§ What is needed
Please, without any pictures, set down exactly the part of the listing below that opens with the line containing "Finn Mini Skirt Black" and closes with the line containing "2024 MICHIGAN PNEUMATIC ES-CH3R-TRACKER".

§ Material for this exercise
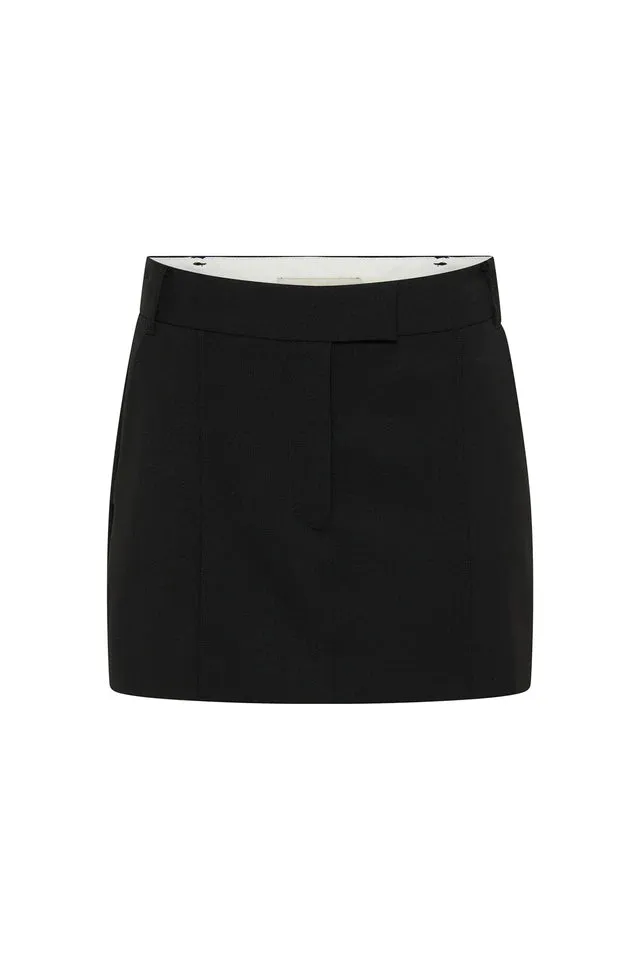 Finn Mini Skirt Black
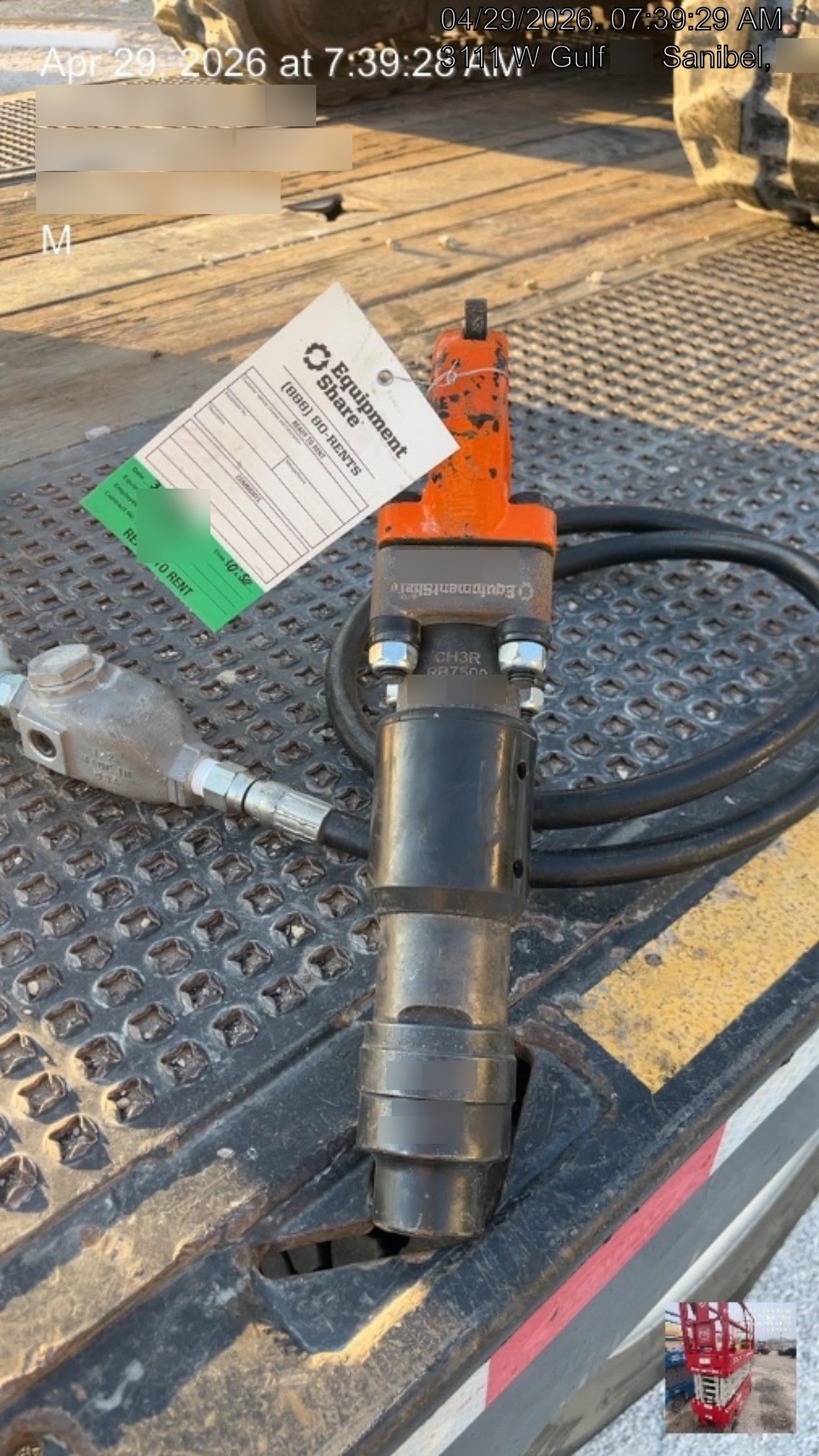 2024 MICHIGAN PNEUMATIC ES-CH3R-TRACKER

...

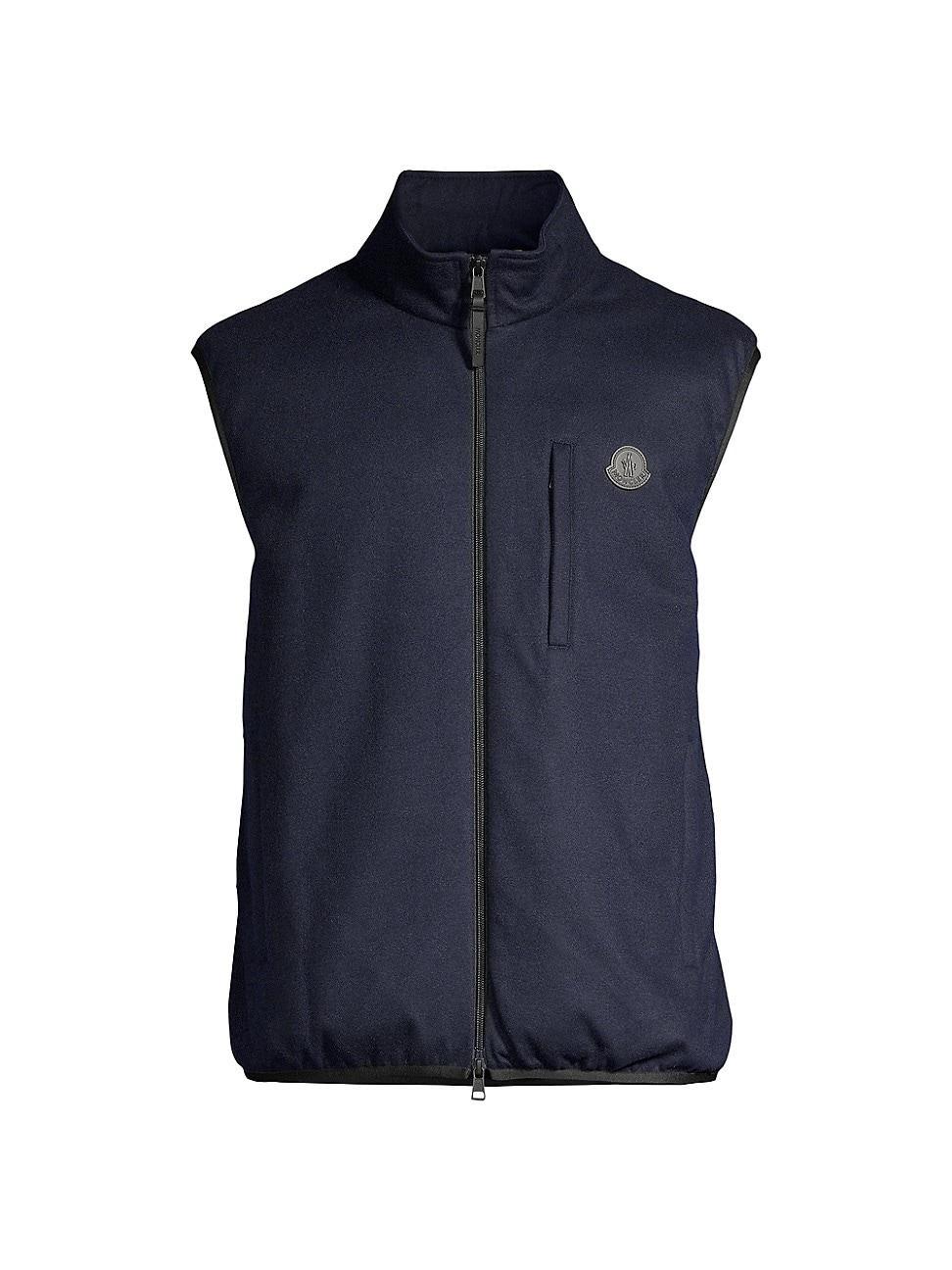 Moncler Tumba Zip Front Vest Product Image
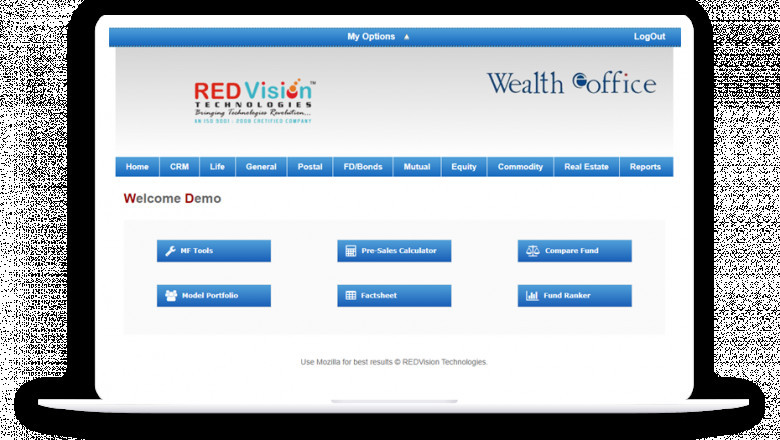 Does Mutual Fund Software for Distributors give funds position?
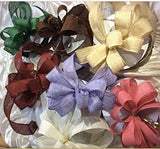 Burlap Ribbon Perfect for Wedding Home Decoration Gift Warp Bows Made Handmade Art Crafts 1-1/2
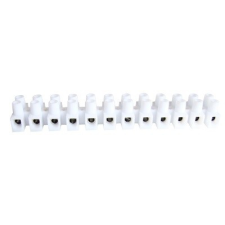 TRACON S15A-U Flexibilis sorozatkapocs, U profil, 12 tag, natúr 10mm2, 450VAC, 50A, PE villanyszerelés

...

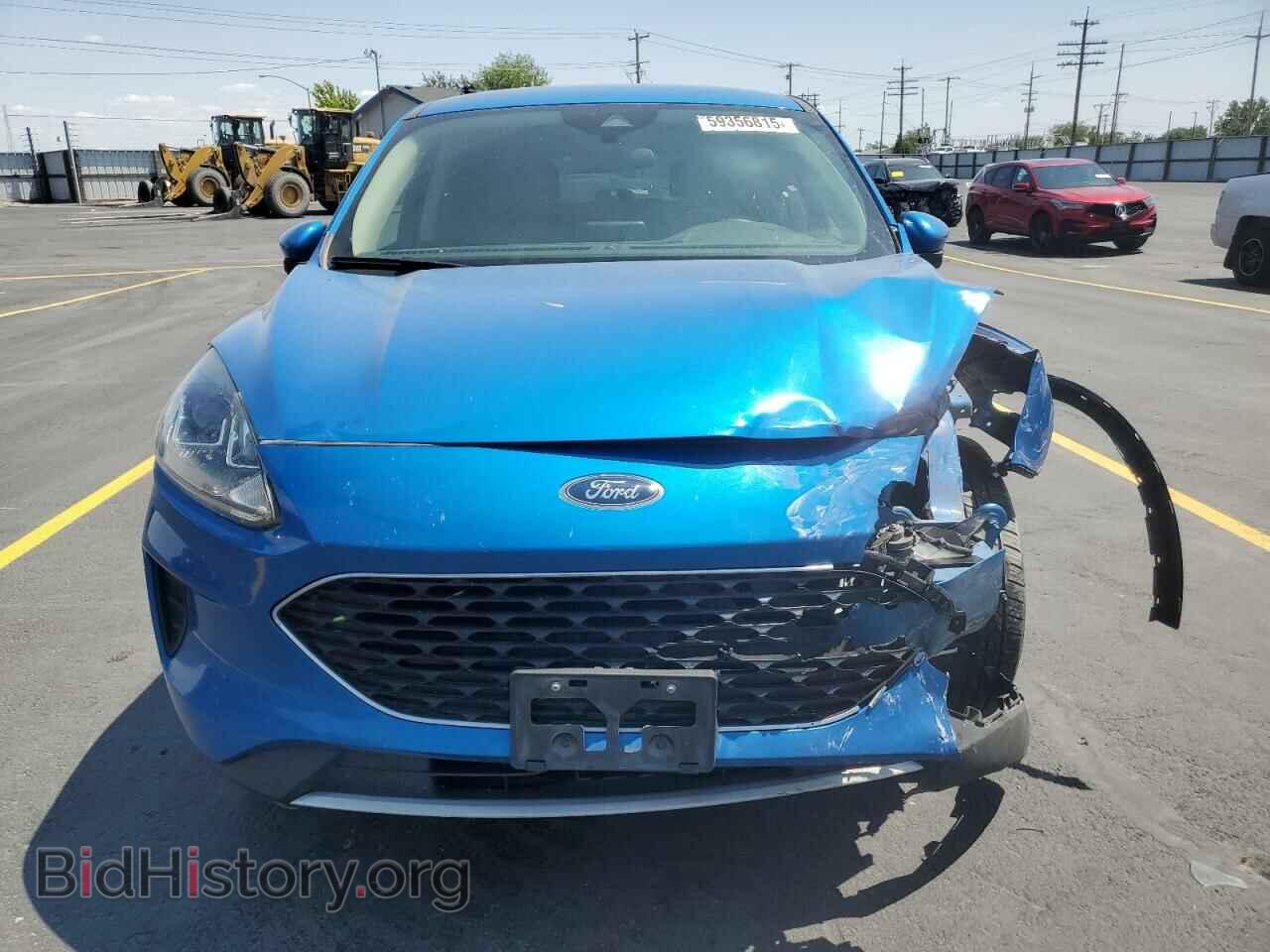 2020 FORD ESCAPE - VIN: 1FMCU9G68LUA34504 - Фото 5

§ Answer to this problem
 Finn Mini Skirt Black
 2024 MICHIGAN PNEUMATIC ES-CH3R-TRACKER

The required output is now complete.